What Documentation Should a Corporation Maintain for Adjustment Disputes?


Detailed documentation of the closing balance sheet, including schedules showing how each line item was calculated, supporting invoices and accruals, and a reconciliation to prior months' financial statements, provides the foundation for defending the corporation's position if the buyer challenges the purchase price adjustment. If the buyer retains a portion of the purchase price in escrow pending resolution of indemnification claims or adjustment disputes, the corporation should track which specific items the buyer disputes and maintain organized files of supporting documents so that any subsequent audit or arbitration proceeding can be conducted efficiently. In practice, these disputes rarely map neatly onto a single rule; courts and arbitrators must weigh competing interpretations of contract language against the parties' industry practices and the documentary evidence of what was intended. A corporation should also consider whether the purchase agreement requires the buyer to use the seller's historical accounting methods or permits the buyer to use different methods after closing, because this ambiguity often leads to disputes when the buyer applies more conservative accounting than the seller did.

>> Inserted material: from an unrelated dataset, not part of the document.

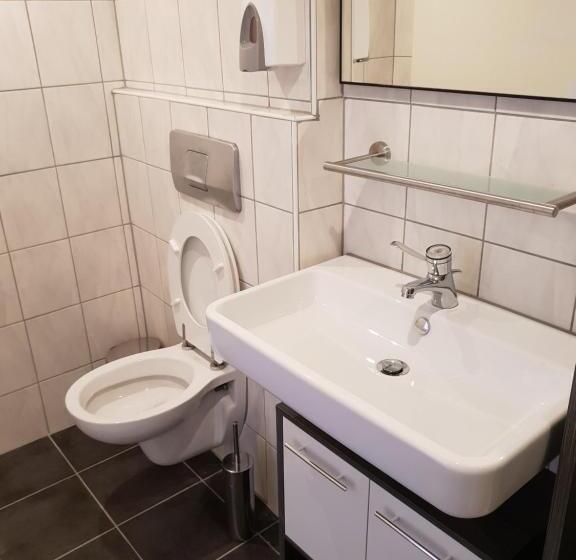 Апартаменты 3 Спальни, Gasthaus Zur Stadt Triberg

4. How Does Corporate Transactions Counsel Guide Disposition Strategy?


Experienced corporate transactions counsel helps a corporation evaluate which disposition structure minimizes tax and legal risk, negotiates representations and indemnification provisions that allocate risk fairly, and ensures that closing documentation accurately reflects the transaction.

Counsel familiar with corporate transactions counsel practices can identify which representations are most likely to be contested after closing, negotiate survival periods and indemnification caps that balance the buyer's need for recourse against the seller's need for certainty, and structure the transaction to minimize successor liability exposure. The choice to engage specialized corporate transactions counsel early in the process, before the buyer's preliminary offer is made, allows the corporation to shape the transaction structure and documentation to reflect the corporation's priorities and risk tolerance. A corporation should also ensure that its tax counsel and corporate counsel coordinate on the tax consequences of the chosen structure, because the tax treatment of the disposition and the allocation of purchase price among assets can significantly affect the after-tax proceeds and the corporation's tax liability in the year of sale.

Disposition StructureLiability TransferTax TreatmentSuccessor Liability Risk
Asset SaleOnly assumed liabilities transferSeller pays tax on gainLow, unless exceptions apply
Stock SaleAll liabilities transfer by operation of lawSeller pays capital gains taxHigh, buyer inherits all liabilities
MergerSurviving entity assumes all liabilitiesDepends on reorganization statusHigh, all liabilities transfer

Before closing, a corporation should ensure that all material contracts, permits, and licenses have been reviewed for change-of-control provisions that may require third-party consent or trigger termination rights. Failure to obtain required consents can result in loss of the contract after closing, for which the buyer may later claim indemnification. The corporation should also prepare a detailed schedule of all litigation, regulatory proceedings, and threatened claims, because omissions or misstatements in these disclosures are frequent sources of post-closing indemnification disputes. Establishing a clear record of what was disclosed, what the buyer knew or should have known, and what risks the buyer accepted will help the corporation defend against claims that representations were breached.